Grandir sans acte de naissance : l’injustice silencieuse en Guinée et ses conséquences

En Guinée, des milliers d’enfants restent sans acte de naissance, invisibles aux yeux de l’État. Pourquoi et quelles solutions pour y remédier ?

En Guinée, des milliers d’enfants grandissent sans existence légale. Privés d’acte de naissance, ils deviennent invisibles aux yeux de l’État et sont exclus des services essentiels comme l’éducation, les soins de santé ou l’obtention de pièces d’identité. Mais au-delà, ce phénomène cache une réalité plus complexe : familles mal informées, lenteurs administratives, coûts parfois décourageants et système d’état civil souvent dépassé.

Avec l’appui de Mohamed Lamine Kanté, juriste, enseignant, formateur et conseiller juridique du Cercle des Jeunes Élites de Guinée (CJEG), nous faisons un point sur cet enjeu majeur de notre société.

Comment réintégrer ces enfants dans le système ? Et surtout, comment prévenir cette invisibilité dès la naissance ? La déclaration des naissances reste aujourd’hui un problème épineux en République de Guinée. Entre réticence et responsabilité, les acteurs concernés tentent chaque jour de mettre en place de véritables politiques publiques afin de trouver des solutions concrètes et efficaces, conformément à la politique nationale sur l’état civil et la protection des enfants.

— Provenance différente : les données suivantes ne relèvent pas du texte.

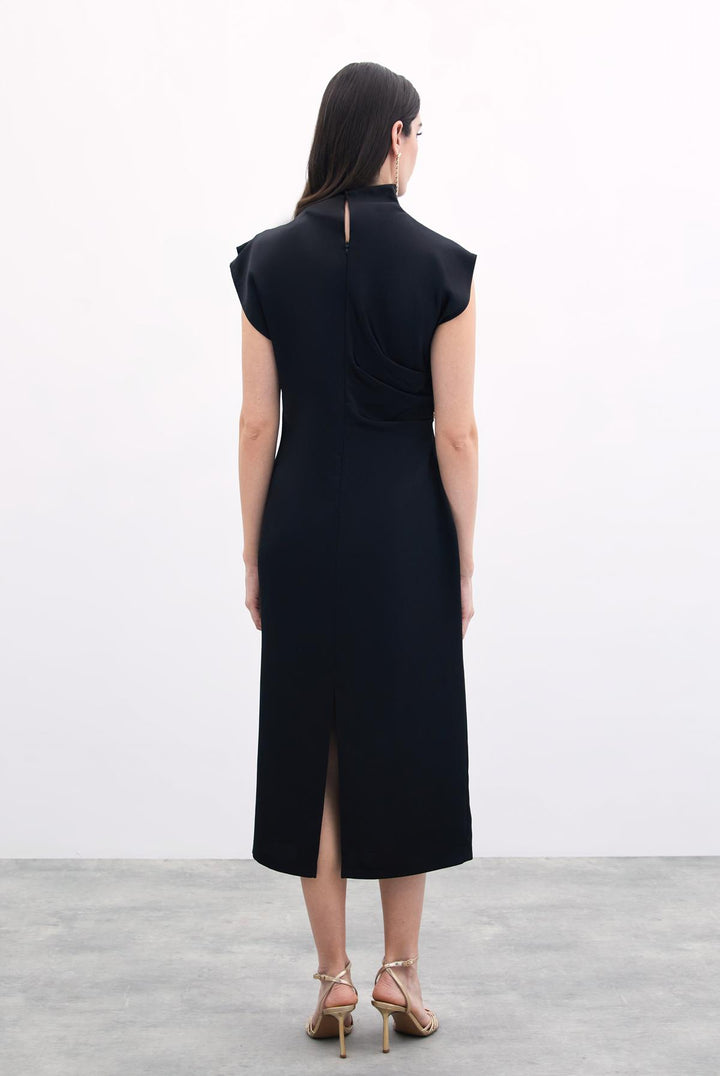 Sateen Robe Longue À Détails Boutonnés - Noir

Pourquoi tant d’enfants ne sont-ils pas déclarés à la naissance ?

La non-déclaration des enfants en Guinée s’explique en grande partie par le taux élevé d’analphabétisme et par la réticence des personnes habilitées à effectuer cette démarche, pourtant clairement désignées par la loi, notamment dans le Code civil et le Code de l’enfant.

Selon l’article 202 du Code civil, « la naissance de l'enfant est déclarée par le père ou la mère ou, à défaut, par les médecins, sages-femmes ou autres personnes qui ont assisté à l'accouchement et, lorsque la mère accouche hors de son domicile, par la personne chez qui elle a accouché. L'acte de naissance est rédigé immédiatement ».

Ces mêmes dispositions figurent à l’article 105 du Code de l’enfant. Une autre cause, souvent minimisée mais tout aussi préoccupante, réside dans la négligence des personnes habilitées, au premier rang desquelles se trouvent les parents.

Quelles sont les conséquences concrètes pour l’enfant, la famille et la société ?

Les conséquences sont nombreuses et touchent à la fois l’enfant, la famille et la société.

  • Pour l’enfant, sans identité légale, il vit mais n’existe pas aux yeux de la loi. Cette situation compromet ses droits fondamentaux, tels que l’accès à l’éducation ou aux soins de santé et bien d’autres plus tard.
  • Pour la famille, celle-ci s’expose à une amende civile de 100 000 à 500 000 FG (article 203 du Code civil) pour non-déclaration.
  • Pour la société, l’État se heurte à des difficultés dans l’application de ses politiques publiques, notamment en matière de protection de l’enfance et dans la mise en œuvre de programmes sanitaires et de développement.

Quelles démarches faut-il suivre pour obtenir un acte de naissance en Guinée ?

La procédure est clairement définie par le Code civil (articles 200 et suivants) :

  • Dans le délai légal (2 mois après la naissance, ou 3 mois si l’accouchement a eu lieu hors du périmètre communal ou à l’étranger), la déclaration se fait directement à l’état civil.
  • Hors délai, il faut engager une procédure de jugement supplétif devant le tribunal compétent, puis transcrire le jugement au registre de l’état civil pour obtenir un extrait d’acte de naissance.

Existe-t-il des solutions pour les enfants déjà « non déclarés » ?

Oui. Même après expiration du délai légal, les enfants non déclarés peuvent obtenir un acte de naissance par jugement supplétif, comme expliqué précédemment.

Quelles initiatives locales ou communautaires permettent de sensibiliser et de faciliter les déclarations ?

Plusieurs actions peuvent être mises en place :

  • Créer ou renforcer les comités de surveillance dans les hôpitaux, quartiers et villages pour recenser les naissances et les signaler à l’état civil.
  • S’inspirer de pratiques existantes, comme la déclaration des mariages dans les mosquées.
  • Renforcer la collaboration entre autorités locales, chefs religieux et acteurs de la société civile.

Quel rôle pour les autorités locales, les sages-femmes, les chefs de quartiers et les médias ?

Ils doivent :

  • Assurer une communication efficace avec les services d’état civil.
  • Mener des campagnes de sensibilisation sur l’importance de déclarer les naissances.
  • Soutenir les politiques publiques en matière d’état civil.

Qu’est-ce qui doit changer pour garantir ce droit fondamental à tous les enfants ?

Plusieurs mesures s’imposent :

  1. Intensifier les campagnes de sensibilisation pour réduire la réticence et la négligence des parents.
  2. Impliquer davantage les ministères concernés (Administration du Territoire, Action Sociale) ainsi que les partenaires internationaux.
  3. Organiser des journées portes ouvertes pour régulariser gratuitement les actes de naissance.
  4. Moderniser le système d’état civil avec des outils informatiques performants.
  5. Renforcer la protection de l’enfant, comme le prévoit l’article 26 du projet de nouvelle Constitution.

Les enfants sont l’avenir de la Guinée. Garantir leur droit à une identité légale doit être une priorité nationale pour construire une société plus juste et inclusive.